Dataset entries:
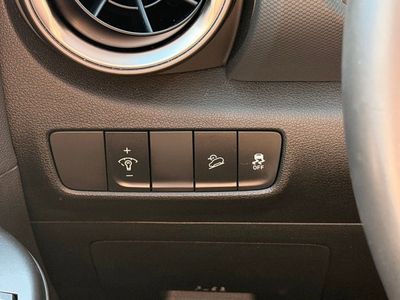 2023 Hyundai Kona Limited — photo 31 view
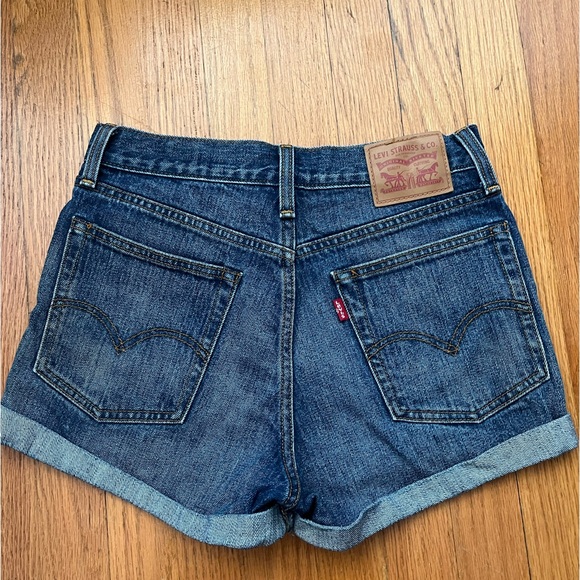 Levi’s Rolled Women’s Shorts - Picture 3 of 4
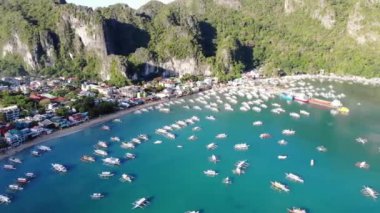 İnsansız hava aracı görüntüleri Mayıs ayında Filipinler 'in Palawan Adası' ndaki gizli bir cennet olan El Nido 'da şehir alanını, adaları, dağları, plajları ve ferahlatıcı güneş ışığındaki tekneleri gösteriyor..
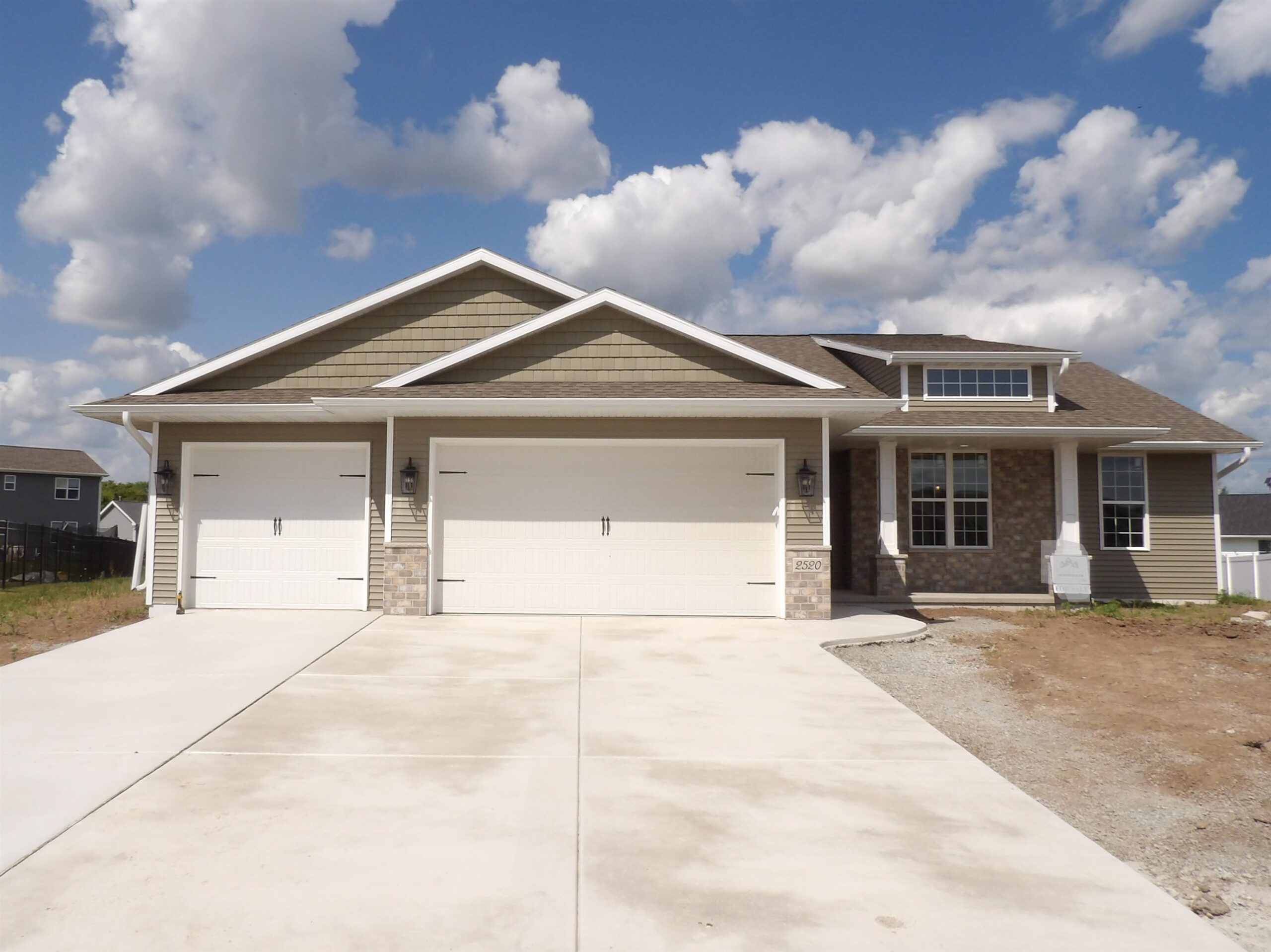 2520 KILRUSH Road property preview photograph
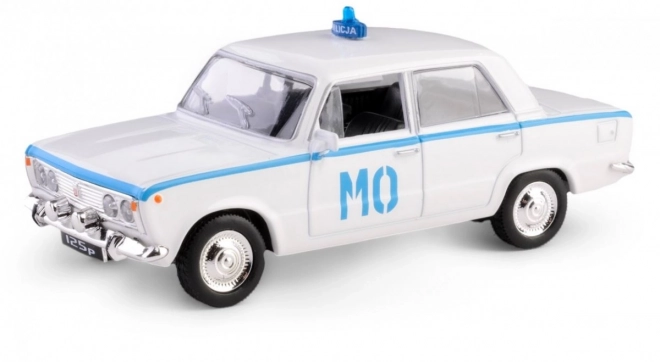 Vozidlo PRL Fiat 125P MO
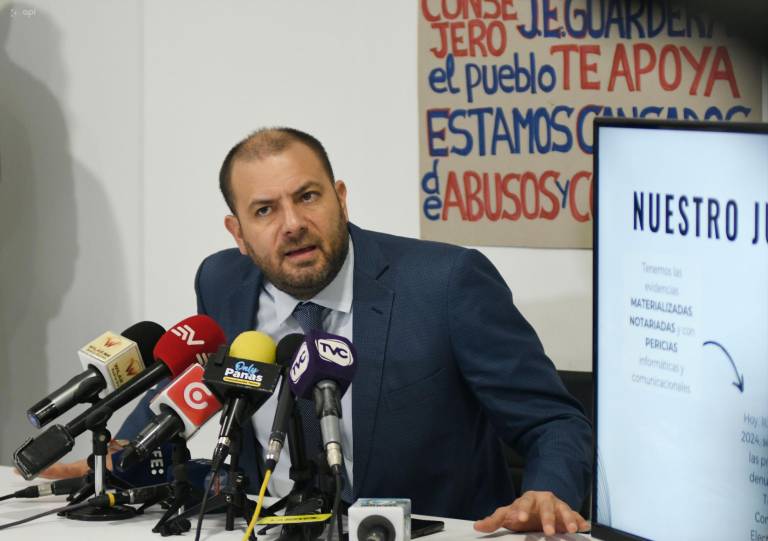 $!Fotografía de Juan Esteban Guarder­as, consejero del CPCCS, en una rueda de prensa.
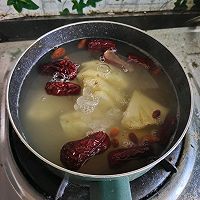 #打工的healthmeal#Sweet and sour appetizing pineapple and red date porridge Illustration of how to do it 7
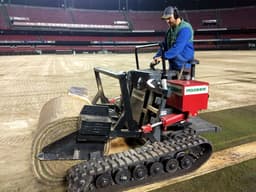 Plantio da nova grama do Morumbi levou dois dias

WORK REQUIRED: Type out the entries again without a single change, and leave the pictures out.

RESPONSE BOX:
 2023 Hyundai Kona Limited — photo 31 view
 Levi’s Rolled Women’s Shorts - Picture 3 of 4
 İnsansız hava aracı görüntüleri Mayıs ayında Filipinler 'in Palawan Adası' ndaki gizli bir cennet olan El Nido 'da şehir alanını, adaları, dağları, plajları ve ferahlatıcı güneş ışığındaki tekneleri gösteriyor..
 2520 KILRUSH Road property preview photograph
 Vozidlo PRL Fiat 125P MO
 $!Fotografía de Juan Esteban Guarder­as, consejero del CPCCS, en una rueda de prensa.
 #打工的healthmeal#Sweet and sour appetizing pineapple and red date porridge Illustration of how to do it 7
 Plantio da nova grama do Morumbi levou dois dias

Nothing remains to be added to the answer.